Many of the commentators argued that the police officer acted unduly and that he should have been subsequently disciplined, or that the boy should experience consequences for his actions. I, on the contrary, believe both parties acted with civility.
The police officer – no doubt in the midst of a lengthy detail protecting the people, possibly from themselves – had pulled up to an establishment in desperate search of a beverage to quench his growing fatigue, to find a parking lot filled to the max with vehicles. He then did what most Americans would have done and unobtrusively parked his vehicle on far edge of the side walk, in no way obstructing pedestrian traffic.
In my opinion, Drew makes a big deal out of this for no real reason. Yes, technically the unidentified policemen was possibly committing a minor infraction. However, instead of fulfilling his civic duty by pointing out to the officer the error of his ways – as some of the commentators have postulated – I believe that Drew’s intention was just to be smart. Either way it was a minor thing which did not inconvenience anyone. Furthermore, I put forth that had anyone other than a police officer done the same thing, the likelihood that he or she would be ticketed or receive grief over their faux pas is not too high. It would seem that, as a public official, he was even more susceptible to the scrutiny of willful teeny boppers with smart phones.
As far as not verbally stating his badge number for the benefit of Drew’s hand-held home studio goes, I say “Why should he have?” Drew has eyes, and I am assuming – of course – that if he can operate a smart phone, he can sound off the digits engraved upon the officer’s chest, which I may point out is not exactly a discreet location, without the aid of an adult.

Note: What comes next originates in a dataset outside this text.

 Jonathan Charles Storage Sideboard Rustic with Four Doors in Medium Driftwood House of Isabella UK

Drew’s demand is clearly a patronizing attempt to humiliate the officer on camera. The cop’s unwillingness to do so is completely understandable and his awkward responses completely human.
My co-worker, Kevin Doonan, believes that the young Jeremy Drew “makes a big deal out of this for no reason,” and then suggests the officer’s action of parking on the sidewalk did not inconvenience anyone. The thing is, however - at least in my opinion - the concerned citizen had every right to question as to why the officer felt inclined to park in an area where the “Average Joe” could not park to grab said cup of coffee. Maybe an officer who stumbled upon a similar situation would leave the civilian be if he or she were parked on a sidewalk ... but something inside me begs to differ. Let’s assume for the sake of the following I drive a motorcycle. I have been working since 7 a.m ... at 10 p.m. this evening I finished my last work-related task for the day. I’m pretty tired, but all the spots in the local convenience store are filled, and since my bike doesn’t take up much room, I just park it right up on the sidewalk and pop in for a coffee. I’d be willing to bet, unless I was quick enough to evade the police that are around the store almost all the time, I would at least be spoken to as to why I parked there. If I was still inside, I’m almost sure I’d be cited. Would my parking in that area have inconvenienced anyone? Who’s to say? But that goes for the officer in Nevada, too.

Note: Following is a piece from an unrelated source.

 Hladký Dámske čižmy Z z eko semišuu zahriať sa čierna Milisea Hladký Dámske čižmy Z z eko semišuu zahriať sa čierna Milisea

Kudos to Drew for being an informed young man, and knowing he is able to film an officer on duty so long he does not interfere with his “duty.” Drew knew that he is within his rights to ask an on duty officer for his name and badge number. He could have also asked the officer for his card. When Drew asks for the officer’s badge number, the officer asks Drew why, to which the young man responds, “Because I have the right to.”
The officer said, “You do, huh? What are you, a junior lawyer?” Later in the video, the officer outright denies the boy his badge number.
Drew not only had every right to question the officer as to why he was parked on the sidewalk, he is within his rights to ask the officer for his information. As to the claim the young man was being “smart,” he was simply trying to document an on-duty public official who seems to think his badge grants him extra privileges you and I are not entitled to.
Was anyone hurt by the officer being parked on the sidewalk? No. But how many citations has said officer issued, or how many arrests has he made for civilians committing victimless crimes? I’m willing to bet a whole bunch.
I do not believe Drew was out of line in the least bit, and feel as though other youngsters should take notes or follow suit. Was the officer annoyed or inconvenienced by the boy ... probably. But that’s the name of the game. He’s a public servant. A member of the public that the officer stated he would serve and protect had a legitimate question and concern. When his concerns were brushed off, he rightfully asked for the officer’s information.
And sure, perhaps Drew could have stepped closer to get the officer’s last name and badge number on his video ... but that could pose two issues. One, the officer could claim Drew was making threatening advances by moving closer and could’ve taken some sort of action. The officer is armed and the boy is not. Drew is just that, a boy. Would it be wise to get closer to an armed man who showed just moments before by parking on the sidewalk that he believes some rules don’t apply to him? No. Secondly, it’s Nevada and his badge is shiny - possibly the glare made it so he could not make out the number or the name tag. In either case, the officer must provide such information when asked.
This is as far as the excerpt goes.